Rolling Packet Capture (PCAP) Export with YAF

This tutorial will explain how YAF can create rolling packet capture (PCAP) files and indexes to quickly find a flow within the PCAP repository. The tutorial Indexing Packet Capture Files (PCAP) with YAF described how to use YAF to index PCAP files and create new files using flow information from previously existing PCAP files.

Overview

In many environments, PCAP and flow generation are separate processes, making it difficult to construct analyses that employ both kinds of data. The results of analysis with flow data may require further examination with packet data. In many cases, analysts have developed custom scripts to retrieve packets that match characteristics for a particular flow, often time, IP addresses. ports, transport protocol, and VLAN tags. This can be difficult when a flow spans multiple PCAP files and it is hard to determine which PCAP files they should be analyzing. For examine, an analysis may be done that is searching for a specific attachment in email being received by an organization. The flow data analysis would allow the analyst to isolate traffic by time, by application protocol (SMTP, in this case) and by byte-size ranges. The attachments and their content are not part of the flow records, so confirming whether the goal attachment is present among the isolated email traffic would require examining the packet data collected. Without some correspondence between packets and the isolated flows, matching the data may take impractical amounts of time.
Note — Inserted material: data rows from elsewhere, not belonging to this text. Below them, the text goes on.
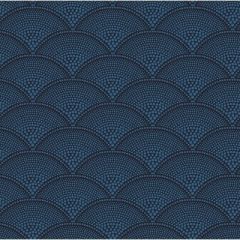 Cole And Son Feather Fan Hyacinth On Charcoal F111/8028 Contemporary Fabrics Collection Indoor Upholstery Fabric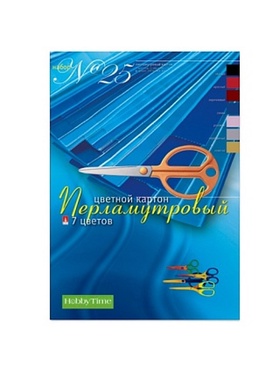 НАБОР № 25 ЦВЕТНОЙ КАРТОН А4 7л./7цв. 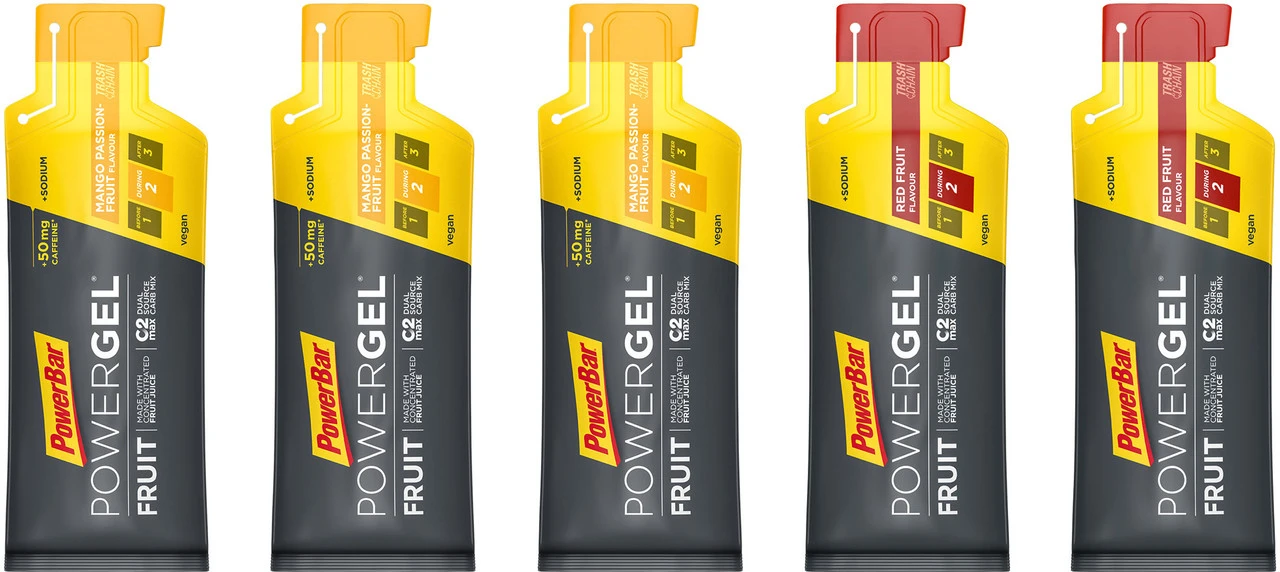 Powerbar PowerGel Fruit - 5 Stück 5 Powerbar PowerGel Fruit - 5 Stück - Image 3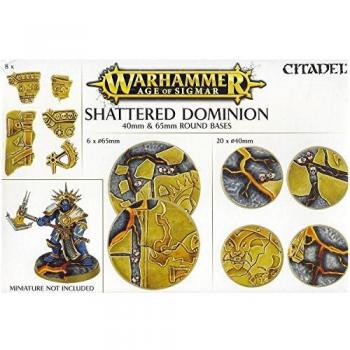 Games Workshop-Figura de acción Age of Sigmar con Base Redonda de dominio Roto, 40/65 mm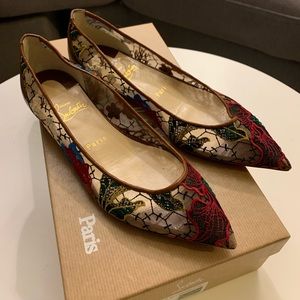 Authentic Christian Louboutin Follies Lace Flats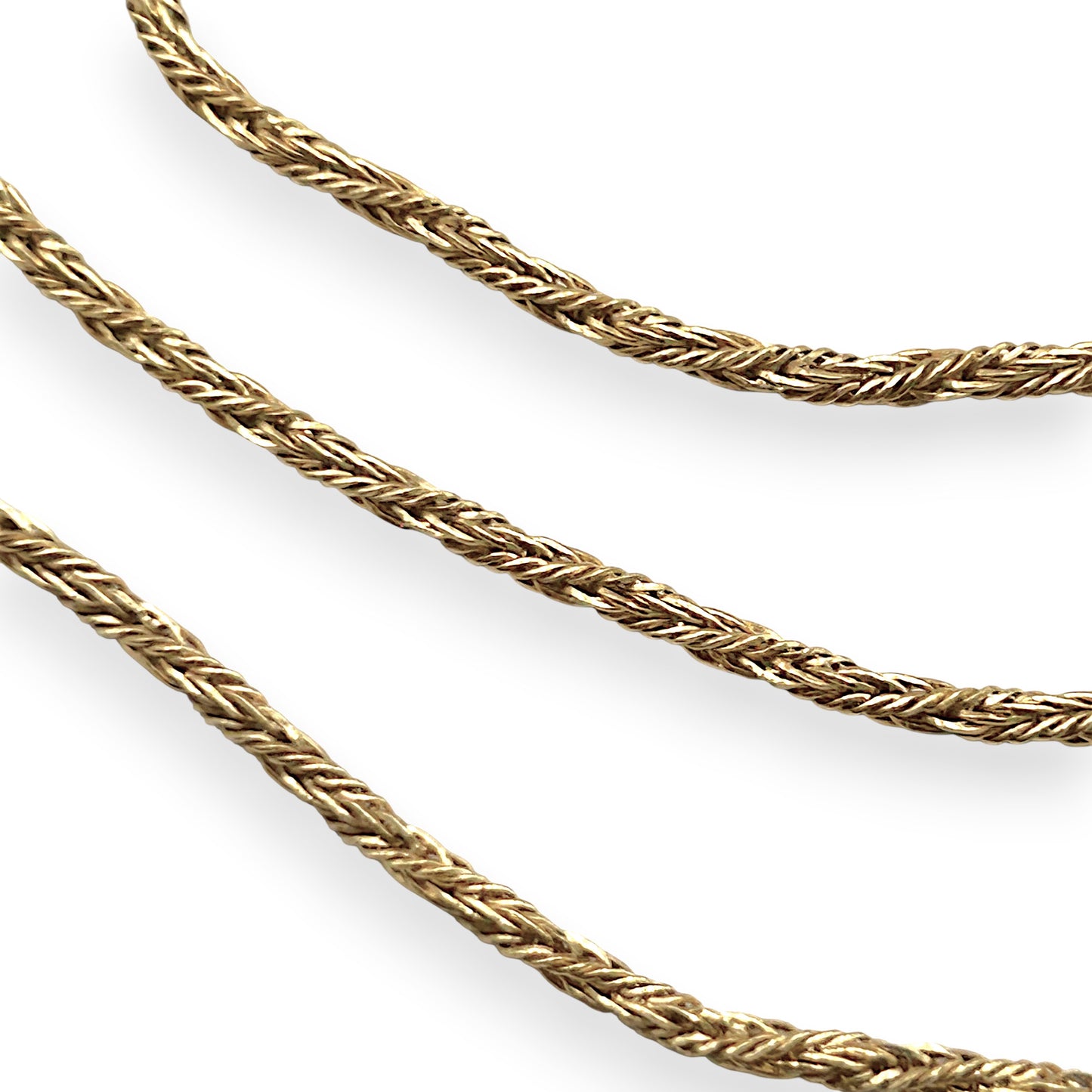 NZGD | 18ct Gold UNOAERRE Aurora Wheat‑Cord Chain 79cm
YAF can capture and write rolling PCAP files as well as generate the flow data and provide an index (using flow characteristics) into the PCAP files for quick and easy retrieval of a particular stream. Since network traffic can be quite high volume, storing a series of PCAP is required, instead of a single immense one. The series of generated PCAP files is governed by either file size via YAF's --max-pcap parameter or by packet time via YAF's --pcap-timer parameter. We'll refer to elements of this series of files as "rolling PCAP files". The index takes to form of a hash of the key characteristics for each flow, timing information, and location information within the rolling PCAP files.
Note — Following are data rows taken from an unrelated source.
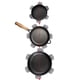 thumbnail image 4 of Protector de Sartenes y Ollas, Divisor de Pots y Pans, 12 Piezas, 4 Tama?os, Evita Rascaduras, Plegable, Metal, para Cocina, para Apartamento,topliu, 4 of 9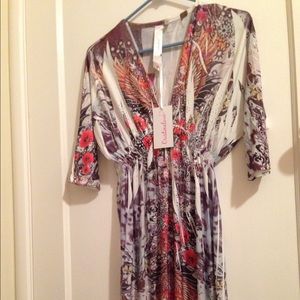 V-neck Patterned Dress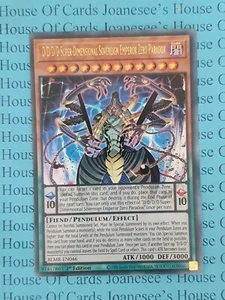 D/D/D/D Super-Dimensional Sovereign Emperor Zero BLMR-EN046 Yu-Gi-Oh Card New - Picture 1 of 3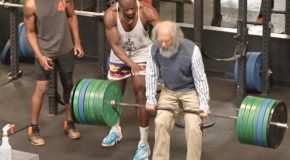 Elite Powerlifter Pretends To Be An Old Man And Pranks People At The Gym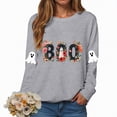 thumbnail image 4 of Godom Halloween Sweatshirts for Women Pumpkin Graphic Crewneck Long Sleeve Tops Casual Loose Pullover Shirts 2025 Clothes, 4 of 7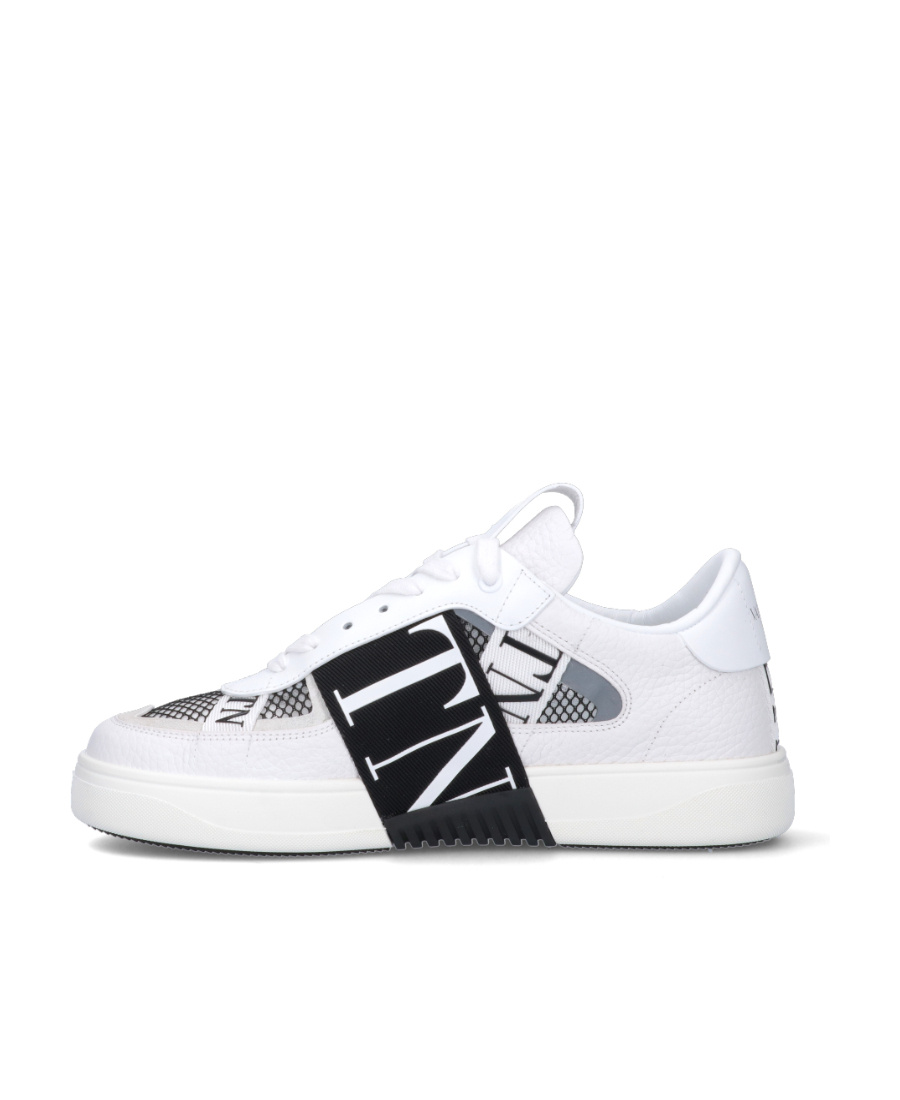Valentino White Vl7n Sneakers In White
There are two approaches for indexing the rolling PCAP files with YAF. Both will be discussed here, as the flexibility of the NetSA tool suite is a primary goal in its design, to accommodate a variety of work flows. Using the first approach, YAF will write one line to the index (packet capture meta-file) for each flow record per output PCAP file . For example, if the packets corresponding to a generated flow span three generated PCAP files, the capture meta-file will contain 3 rows for the flow, one naming each generated PCAP file. The second approach configures YAF to write one line in the capture meta-file for each packet in the generated PCAP files, with location information that names the rolling PCAP file, offset in the file, and packet length. This requires more storage up front, but provides very quick retrieval of the packets.
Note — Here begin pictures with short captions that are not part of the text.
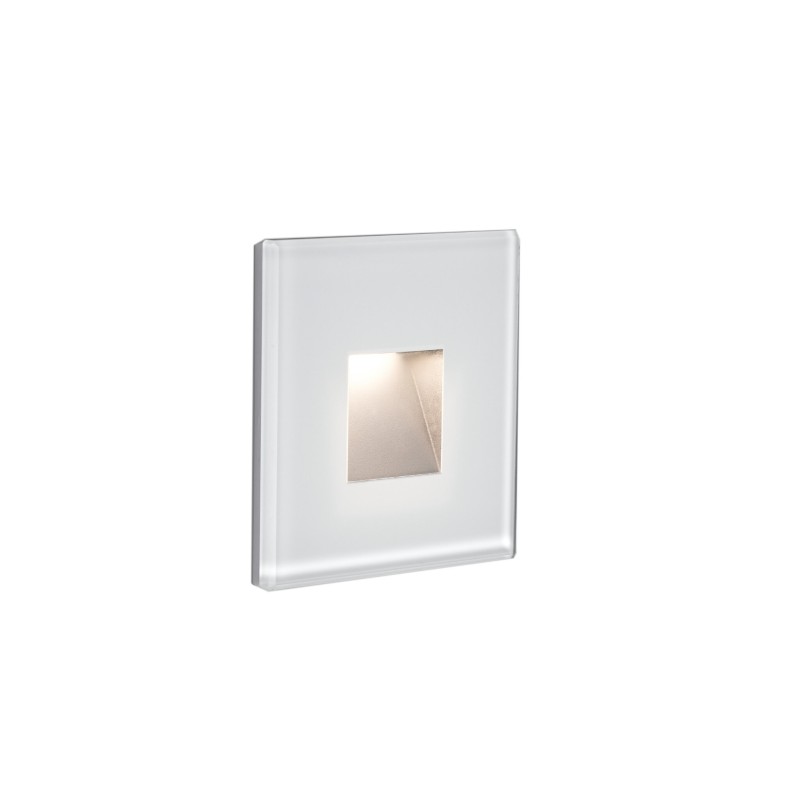 Lampe murale en polycarbonate LED intégré blanc mat CHADRON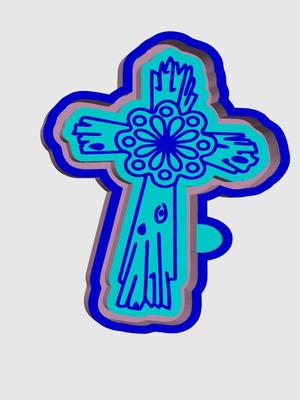 Wooden Cross & Conchos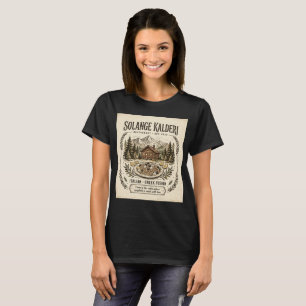 Solange Kalderi Restaurant Front Logo & Back Menu  T-Shirt
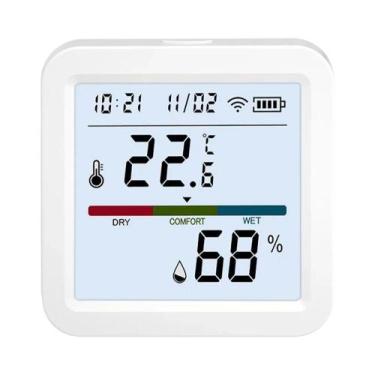 Imagem de Sensor De Temperatura E Umidade Para Casa Inteligente Tuya Zigbee WiFi
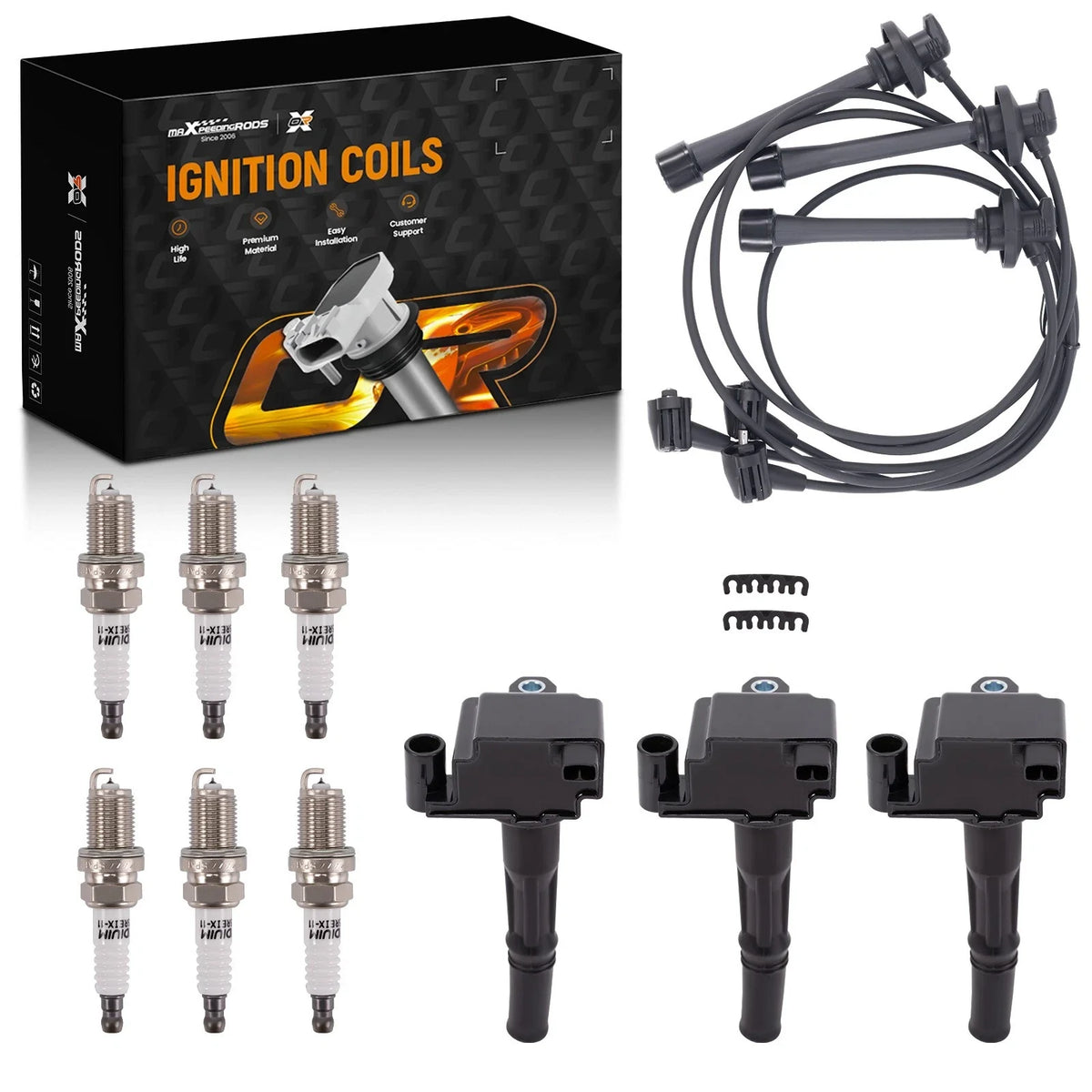 Ignition Coils & Spark Plug Wires Set for Toyota 4Runner 1996–2002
This example will configure YAF to export to an instance of SiLK's rwflowpack to create a local repository of flow data. This tutorial does not provide details on installing and configuring SiLK, see Configuring YAF with SiLK for those details.

SETUP

Create a file directory to store the rolling PCAP files:

$ mkdir /data/pcap

Create directories for the flow repository and logging:

$ mkdir /data/flow
$ mkdir /var/log/rwflowpack

Create a sensor configuration file for rwflowpack (sensor.conf), in this example for an IPFIX sensor exporting on TCP port 18001, treating 192.168.0.1/24 as the internal address block:

$ cat >/data/flow/sensor.conf << END_CONF
probe S0 ipfix
      protocol tcp
      listen-on-port 18001
end probe
sensor S0
       ipfix-probes S0
       internal-ipblock 192.168.1.0/24
       external-ipblock remainder
end sensor
END_CONF

Additionally, you will need to have a SiLK site configuration file (silk.conf) in /data/flow. For this example, the one located in the SiLK tarball (see the SiLK downloads page) in site/twoway/silk.conf should suffice.

Start rwflowpack:

$ /usr/local/sbin/rwflowpack --sensor-conf=/data/flow/sensor.conf \
          --root-dir=/data/flow \
          --log-directory=/var/log/rwflowpack \
          --site-config=/data/flow/silk.conf \
          --pack-interfaces

Confirm rwflowpack is running and is listening on port 18001:

$ netstat -an | grep 18001
tcp4       0      0  *.18001        *.*        LISTEN

First Approach: Index per flow

This first approach will demonstrate how to use the rolling PCAP option in yaf with the --pcap-meta-file parameter to write one line to the capture meta-file for each flow corresponding to each rolling PCAP File. The yafMeta2Pcap tool will be used to query the capture meta-file for a particular flow and provide the file names of the PCAP files that contain the flow. yaf will then be run again over the particular PCAP files that contain the flow, and yafMeta2Pcap will retrieve records to produce the PCAP file for the flow. For a slightly quicker, but more space-consuming process, jump to the second approach.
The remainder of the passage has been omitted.